Tuesday, October 2, 2007

THE TAJ MAHAL AND BEYOND


AND IT WASN'T EVEN RUSH HOUR!


Next day started our two days of travel. Day one took us to Agra and its many incredible monuments to include the Taj Mahal. But first, to get there………………. The distance from Delhi to Agra; and later from Agra to Jaipur is 200 KM/120 miles. Each trip took us 4 1/2 hours. Much of each day’s trip was through villages – one little road going through, but some was on what we would consider a 4 lane highway, i.e., two lanes in one direction; median strip, and two lanes in the other. PUT ALL THOSE THOUGHTS ASIDE!!
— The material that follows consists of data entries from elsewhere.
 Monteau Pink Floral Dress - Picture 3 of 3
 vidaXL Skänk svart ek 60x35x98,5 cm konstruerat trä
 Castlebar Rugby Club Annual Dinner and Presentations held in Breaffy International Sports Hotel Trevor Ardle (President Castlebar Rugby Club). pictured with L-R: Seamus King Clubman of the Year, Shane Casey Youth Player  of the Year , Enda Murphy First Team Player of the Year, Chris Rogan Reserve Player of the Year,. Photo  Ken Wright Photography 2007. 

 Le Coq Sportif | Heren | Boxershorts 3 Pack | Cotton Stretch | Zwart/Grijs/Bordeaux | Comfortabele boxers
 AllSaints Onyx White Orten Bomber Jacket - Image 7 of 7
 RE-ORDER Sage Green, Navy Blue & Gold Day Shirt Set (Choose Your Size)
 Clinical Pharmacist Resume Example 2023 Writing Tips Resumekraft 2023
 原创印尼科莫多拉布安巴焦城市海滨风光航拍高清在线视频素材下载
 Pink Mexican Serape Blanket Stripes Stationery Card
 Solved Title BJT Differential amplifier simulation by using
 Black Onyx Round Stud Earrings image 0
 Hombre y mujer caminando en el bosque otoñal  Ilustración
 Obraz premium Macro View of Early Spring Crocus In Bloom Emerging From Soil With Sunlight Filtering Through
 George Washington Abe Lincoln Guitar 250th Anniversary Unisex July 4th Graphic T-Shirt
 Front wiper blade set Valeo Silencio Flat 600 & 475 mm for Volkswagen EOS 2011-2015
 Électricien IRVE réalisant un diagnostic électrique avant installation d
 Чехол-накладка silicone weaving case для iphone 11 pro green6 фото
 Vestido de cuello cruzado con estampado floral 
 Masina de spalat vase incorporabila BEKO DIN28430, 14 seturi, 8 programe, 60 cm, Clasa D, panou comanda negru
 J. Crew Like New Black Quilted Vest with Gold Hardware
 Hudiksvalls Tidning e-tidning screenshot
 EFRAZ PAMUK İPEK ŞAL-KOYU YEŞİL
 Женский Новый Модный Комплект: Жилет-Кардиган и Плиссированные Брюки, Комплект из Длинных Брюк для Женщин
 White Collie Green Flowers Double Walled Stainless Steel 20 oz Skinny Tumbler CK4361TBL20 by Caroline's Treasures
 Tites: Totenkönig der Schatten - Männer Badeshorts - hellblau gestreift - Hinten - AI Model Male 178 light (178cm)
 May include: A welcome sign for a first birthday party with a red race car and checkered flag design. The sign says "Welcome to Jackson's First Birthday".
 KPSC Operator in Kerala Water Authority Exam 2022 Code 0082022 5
HOME MADE TAXI PUT TOGETHER FROM SPARE PARTS - NO LICENSE NEEDED


Example: if one is traveling south (together with the other vehicles, people, and animals as listed above) but there is no exit on that side to get to where one is traveling, one simply travels to a break in the median, does a “u-turn”; travels back against all oncoming trucks, busses, cars, auto rickshaws, bikes, pedestrians, holy cows, camels and goats. But here, instead of just beeping the horn constantly; one now also flashes the lights so the traffic (human and mechanical) recognizes this and allows this “whatever “ to not only go from south to north, but also east to west across all this traffic to get off the road. An incredibly intense experience even though we really never feared for our lives! At the end of each trip Rance repeated one of his favorite sayings, “Cheated death again!”




CAMEL POWER


Along these routes was the heartbreaking time for me, not to mention the trauma to the bum! The 3, 4, and 5 year olds dodging the different modes of traffic to beg at a car that looked like it had someone there who could give them something; the filth; the squalor; all underneath the frontages of so many beautiful buildings hundreds of years old – also in gross disrepair. WHY??? So hard to see these things about which we can do nothing. After our last day’s trip from Agra to Jaipur – again 120 miles; 4 ½ hours of constant potholes and dodging vehicles, children, and holy animals – Rance put everything square for me when he said “Do you think the Adopt a Highway program would catch on here?”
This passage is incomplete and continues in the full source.